Virtual Voice-Controlled Assistants: How Do Siri, Google Now And Corta

Smartphones have had voice control for many years now. I remember spending a good while trying to train an old Nokia dumbphone my voice for it to misdial every time I tried it, until I eventually just had one number with a voice dial profile so whatever it heard, it would work. Classic BlackBerry devices had a voice function, which was accurate enough to be able to ask it to call somebody from your ‘phone book without training it. And in 2011, Apple announced that the iPhone 4S was to benefit from their advanced virtual personal assistant, Siri. The Apple marketing machine went into overdrive by explaining how wonderful Siri was and how it would revolutionize how we used our smartphone.
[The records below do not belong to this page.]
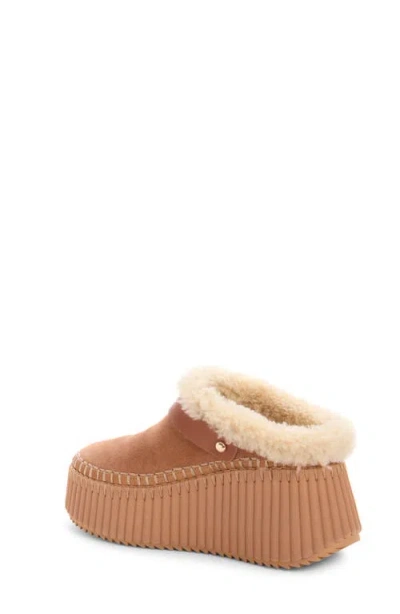 Chloé Nama Buckled Shearling-lined Suede Platform Mules In Neutral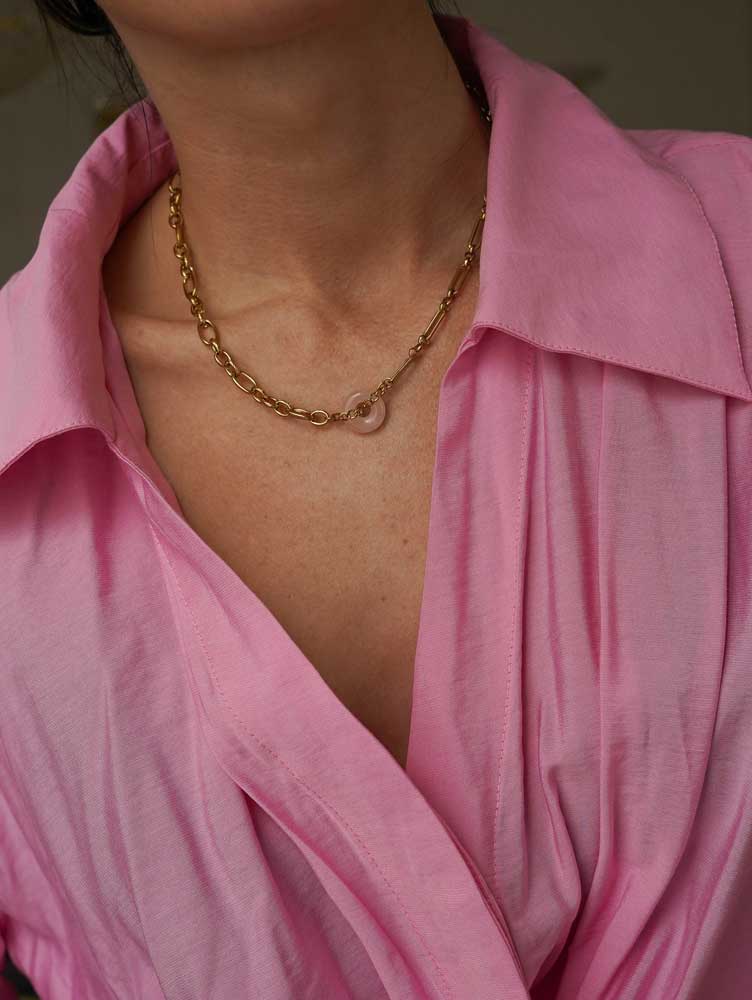 Mara | Necklace with Rose Quartz . Non-Tarnish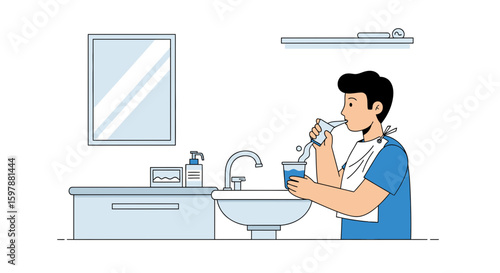 Nasal Rinse Routine Performed by Man in Bathroom Setting for Health Reasons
What they didn’t explain is how to avoid looking like a chump saying something into your iPhone, repeating it, sighing, repeating it again and either putting the device away or tapping on the tiny little screen yourself.

Apple’s Siri is recognized as the first cloud-based, operating system-included, voice recognition system. This means that when you talk to Siri and its peers, it sends the voice recording to a cloud server system, which interprets what you mean and sends the instructions back. This means that you need a connection to the Internet in order to use the service and the slower your connection, the slower it is to respond. It’s designed to cope with regional dialects and choice expressions plus Apple gave the assistant an artificial sense of humor. You can ask Siri to tell you a story and it will say no. Or you can torment Siri by asking it to “open the pod bay doors,” and it will eventually give you the famous line from the movie 2001. For a while, I also thought Siri’s inability to understand me was a comedy feature, too, but as it happens this isn’t the case. Siri’s voice recognition isn’t bad in isolation, but there are times when it misunderstands what I say but tries to understand it anyway: the Google and Microsoft alternatives are able to edit and understand what I really meant despite what they really heard. This “fuzzy logic” is beautiful to behold, because it means I can use Google Now in a busy, noisy environment (if I’m okay looking chumpy talking into a ‘phone or smartwatch). When I carried an iPhone, I first gave up trying to use Siri anywhere it wasn’t quiet and later gave up on using Siri.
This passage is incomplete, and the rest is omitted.